Large-vessel vasculitis such as Takayasu’s arteritis and Giant Cell Arteritis (GCA), rheumatic and HLA-B27-associated spondyloarthropathies, Behçet’s syndrome, and infections such as syphilis and tuberculosis may be the causes of aortic inflammation. Therefore, in cases where negative results are obtained on blood culture and where the infected focus remains unclear, it is essential that the abovementioned conditions should be differentiated from infected aneurysms or chronic periaortitis. A detailed history and careful physical examination are important for the diagnosis and assessment of the extent of the vascular lesion. Systemic symptoms such as fatigue, weight loss, and low-grade fever are common in these disorders, along with local symptoms such as arthralgia, skin lesions (erythema nodosum), and abdominal pain.
Takayasu’s arteritis, also called pulseless disease, involves the ascending aorta, aortic arch, and carotid and subclavian arteries, causing dilation and obstruction at the healing stage as well as recurrence. Takayasu’s arteritis primarily affects women who are 17-26 years of age at the time of onset [35]. CT angiography can identify the diseased lesion and a thickened arterial wall in the acute phase and aneurysmal or stenotic lesions in the chronic phase [36]. Ultrasonography and MRI angiography are also useful for the detection of this condition.

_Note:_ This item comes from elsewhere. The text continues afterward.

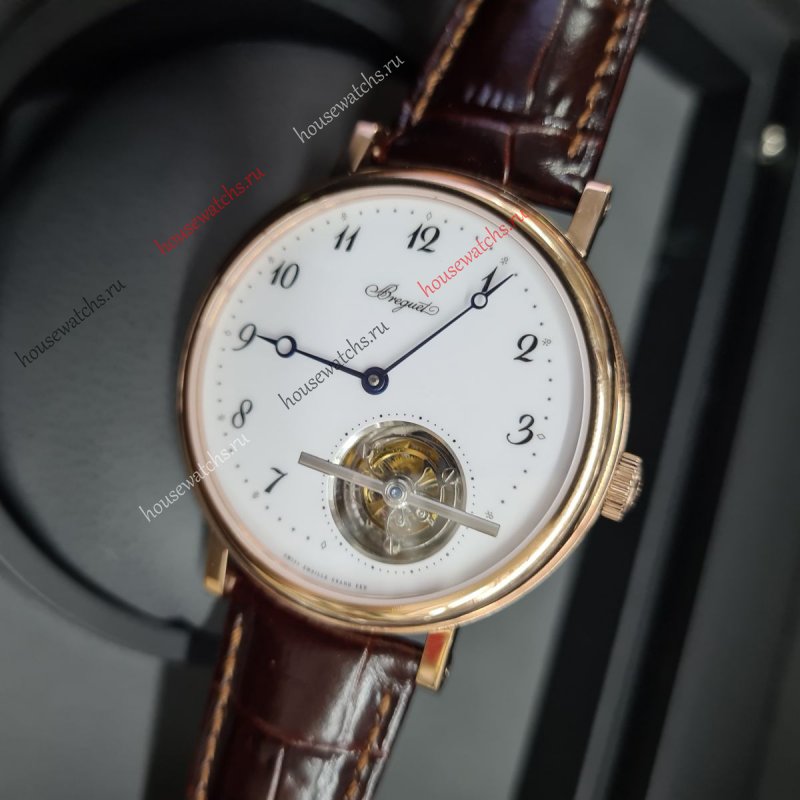 Копия Часы Breguet Classique HЭ490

In the acute phase, the high signal of T2-weighted and/or STIR MRI and the increased uptake of 18F-fluorodeoxyglucose indicate the presence of active inflammation [37]. Glucocorticoid administration remains the primary therapy for Takayasu’s arteritis.
GCA consists of chronic vasculitis of the large and medium vessels and mainly affects women [35]. The following classification criteria were developed: 1) age > 50 years at onset; 2) localized de novo headache; 3) tenderness or decreased pulse of the temporal artery; 4) erythrocyte sedimentation rate >50 mm/h; and 5) biopsy-proven necrotizing arthritis with multinucleated giant cells [23,38].
Considering their similar imaging features, infected aneurysms and chronic periaortitis should be carefully differentiated. We believe that history, severity (high- or low- grade) of fever, physical examination, clinical course (rapidly or slowly progressive), repeated blood cultures, and multiple imaging modalities can be useful in obtaining a differential diagnosis, as well as in determining the presence of elevated IgG4 levels and pathological findings.